31:7,8 Biricik Oğlu acı çekerken Tanrı’nın değişmeyen sevgisi Oğlu’nun üzerinde olduğundan, şimdi göklere bir övgü ilahisi yükselir. Tanrı’nın sevgisi, tüm düşmanlarını kontrol eden Oğlu’nu düşmanın gücüne terk etmeyi reddeden, Kurtarıcı’yı çukurdan çıkartıp ayaklarını geniş “Diriliş Yeri”ne koyan bir sevgidir.
Derin Sıkıntı (31:9-13)
31:9,10 Bu ayetlerde, Rabbimiz’in yargılanmasından ve çarmıha gerilmesinden önceki zamana geri döneriz. Günahkârların büyük nefretine katlanan Acılar Adamı’nın dualarını işitmemize izin verilir. İnsanlar tarafından hor görülen ve reddedilen Rab, sıkıntı içinde Tanrı’ya yönelir ve O’nun lütfuna sığınır. Çektiği üzüntü gözlerinden okunmaktadır. Canı ve bedeni gözyaşlarıyla tükenmektedir. Ömrü acı ve iniltiyle tükenmektedir. Çektiği sıkıntılar sonucunda gücünü yitirmiştir ve kemikleri erimektedir.
“Suçumdan ötürü gücüm zayıflıyor” ifadesini günahsız Kurtarıcı’ya uyarlamanın tek yolu, bu suçun bizim suçumuz anlamına geldiğini kavramakla mümkündür. Günahlarımızı taşıyan olarak suçlarımızı yüklenmiştir. Bu ayetteki, ‘suçumdan’ sözcüğü asla Mesih’le ilgili bir çağrışım yapamaz.
31:11-13 Sabırlı Acılar Adamı, kendisinden bütün düşmanlarının önünde aşağılanan, komşularına rezil olan, tanıdıklarına dehşet saçan biri olarak söz eder.

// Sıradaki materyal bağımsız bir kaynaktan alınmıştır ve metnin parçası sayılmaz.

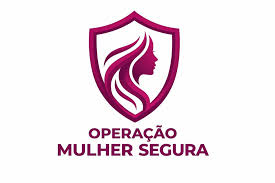 Operação Mulher Segura promove ações integradas de proteção e enfrentamento  à violência contra a mulher A Operação Mulher Segura realizou mais uma  importante ação integrada voltada à proteção, prevenção e enfrentamento da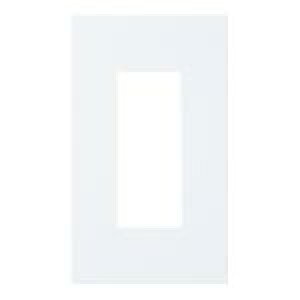 (LINEN[|L)pi\jbN WNS6003W SO|STYLE v[g3Rp}bgzCg (10Zbg) Panasonic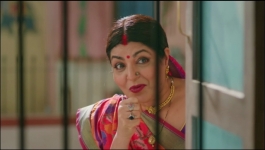 Mehndi Wala Ghar - 2nd July 2024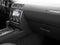 2013 Dodge Challenger R/T Classic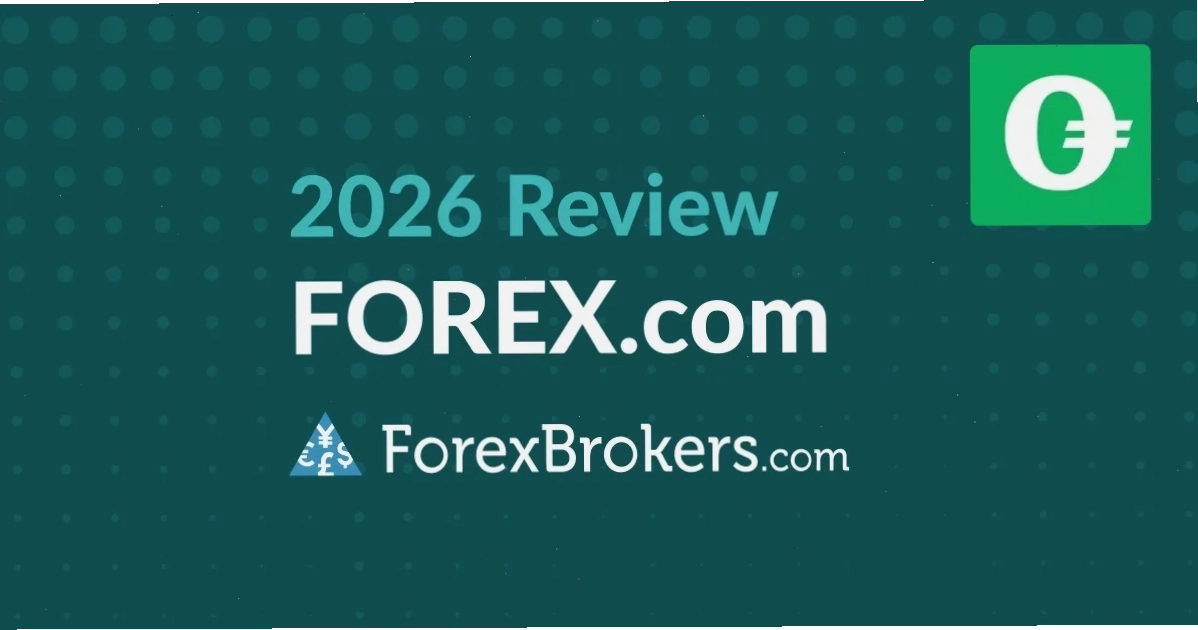 Forex broker review nhấn mạnh tầm quan trọng của giấy phép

Sokakta O’nun geldiğini görenler O’ndan kaçar oldular. Gönülden çıkmış bir ölü gibi çabucak unutuldu, kırılmış bir çömleğe döndü. O’na karşı pek çok kişinin iftira ederek fısıldaştığını duydu. İnsanlar O’nu öldürmek için planlar kurarken, dehşet, gece gündüz demeden, sinsice avına yaklaşmaktaydı.
Bu kötü güçlerin resmedilmesi herkes için yeterince üzücüdür. Ama bir de evreni Yaratan, yaşam ve yüceliğin Rabbi’ni tanımlamak için yazılanlar hakkında ne diyebiliriz ki?